Life With Father


Life with Father is a 1939 play by Howard Lindsay and Russel Crouse, adapted from a humorous autobiographical book of stories compiled in 1935 by Clarence Day. The Broadway production ran for 3,224 performances over 401 weeks to become the longest-running non-musical play on Broadway, a record that it still holds. The play was adapted into a 1947 feature film and a television series.

Book

Clarence Day wrote humorously about his family and life. The stories of his father, Clarence "Clare" Day, Senior, were first printed in The New Yorker. They portray a rambunctious, overburdened Wall Street broker who demands that everything from his family should be just so. The more he rails against his staff, his cook, his wife, his horse, salesmen, holidays, his children and the inability of the world to live up to his impossible standards, the more comical and lovable he becomes to his own family who love him despite it all. First published in 1936, shortly after his death, Day's book is a picture of New York upper-middle-class family life in the 1890s. The stories are filled with affectionate irony. Day's understated, matter-of-fact style underlines the comedy in everyday situations.

Production

The 1939 Broadway production ran for over seven years to become the longest-running non-musical play on Broadway, a record that it still holds. It also held the title of the longest running Broadway play of any type of all time from 1947 to 1972. It opened at the Empire Theatre on November 8, 1939 and ran at that theatre until September 8, 1945. It then moved to the Bijou Theatre where it ran until June 15, 1947, and finished its run at the Alvin Theatre on July 12, 1947, for a combined total of 3,224 performances. The play was produced by Oscar Serlin, staged by Bretaigne Windust, with setting and costumes by Stewart Chaney.
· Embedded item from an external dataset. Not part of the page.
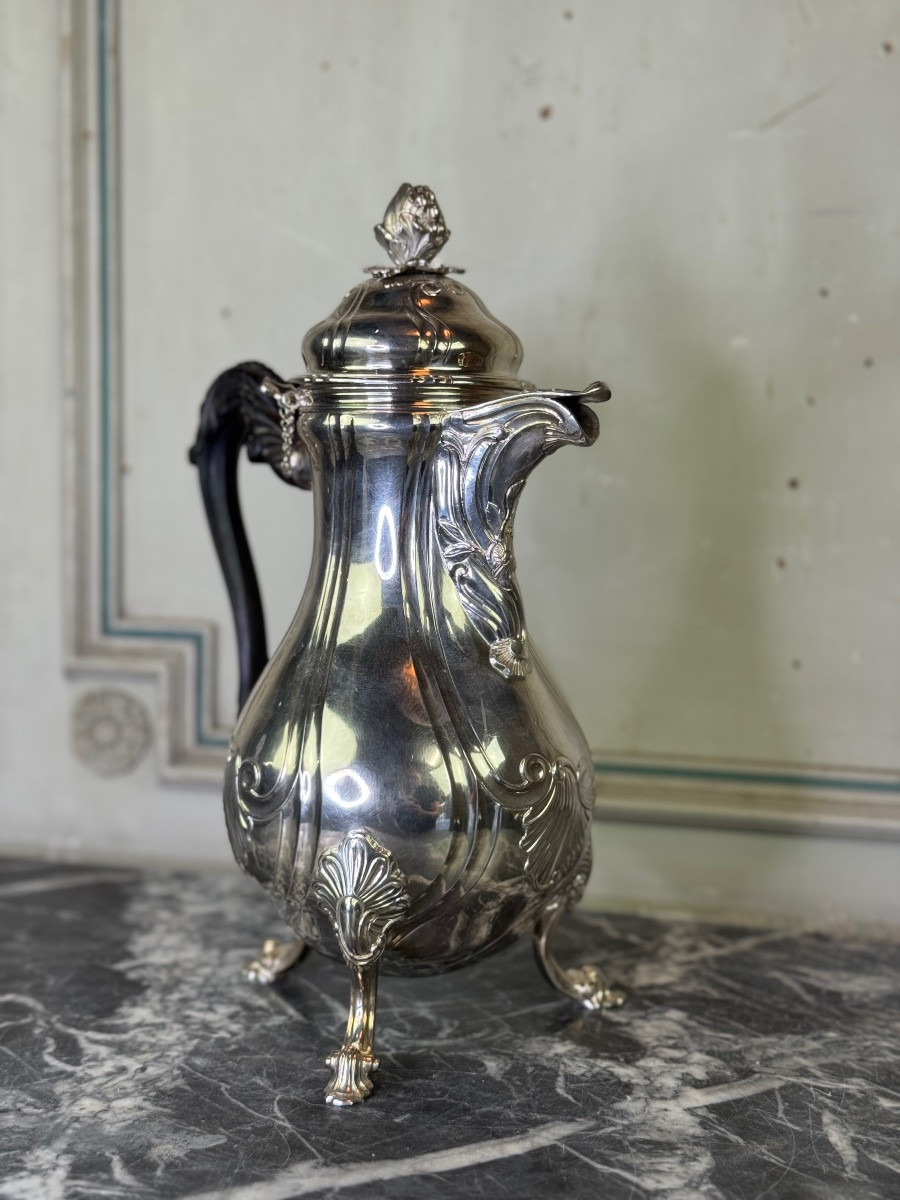 Cafetière En Argent Massif, Poinçon De La Ville De Ath Pour l'Année 1770,  Nicolas Delporte -photo-3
It starred Howard Lindsay, his wife Dorothy Stickney, and Teresa Wright.

Cast

Concurrent with the Broadway production, the producers sent out 11 touring companies that performed in 214 cities. The amateur rights to Life with Father were released in 1948, and the following year saw 187 productions of the play, including a production at Theatre in the Round Players that included consultation with Warner films on staging. The only major New York revival occurred in 1967 in a limited run at City Center, starring Leon Ames and Dorothy Stickney. Critic Vincent Canby called the revival "a quaint, pretty picture postcard." Although professional revivals are now rare, Life with Father continues to be produced by amateur companies such as the American Century Theatre in Virginia and the Victorian Players in Ohio.

Critical reception

The New York Times critic Brooks Atkinson wrote in his review "Sooner or later every one will have to see Life with Father, which opened at the Empire last evening. For the late Clarence Day's vastly amusing sketches of his despotic parent have now been translated into a perfect comedy by Howard Lindsay and Russel Crouse, and must be reckoned an authentic port of our American folklore." When Life with Father surpassed Tobacco Road as the longest-running Broadway play, Elliot Norton of the Boston Post celebrated the play as "warmly human and heartily comical and completely inoffensive," thus restoring his faith in the theatre-going public. Contemporary scholar Jordan Schildcrout describes Life with Father as "a comedy in which characters challenge and ultimately win over a figure of authority," which allows the play to appeal to nostalgia for more conservative times, while also finding pleasure in gentle subversion and anti-authoritarianism.

Adaptations

Life with Father was adapted for the November 6, 1938, broadcast of CBS Radio's The Mercury Theatre on the Air. The cast included Orson Welles, Mildred Natwick, Mary Wickes, Alice Frost and Arthur Anderson.
The theatrical adaptation of Life With Father was made into a film in 1947, directed by Michael Curtiz and starring William Powell and Irene Dunne as Clarence and his wife, supported by Elizabeth Taylor, Edmund Gwenn, ZaSu Pitts, Jimmy Lydon and Martin Milner. Six years later, the film was adapted into a television series, starring Leon Ames and Lurene Tuttle, which ran from November 1953 until July 1955 on the CBS Television network. The series was the first live color program for network TV to originate in Hollywood. The film and its audio entered the public domain in 1975.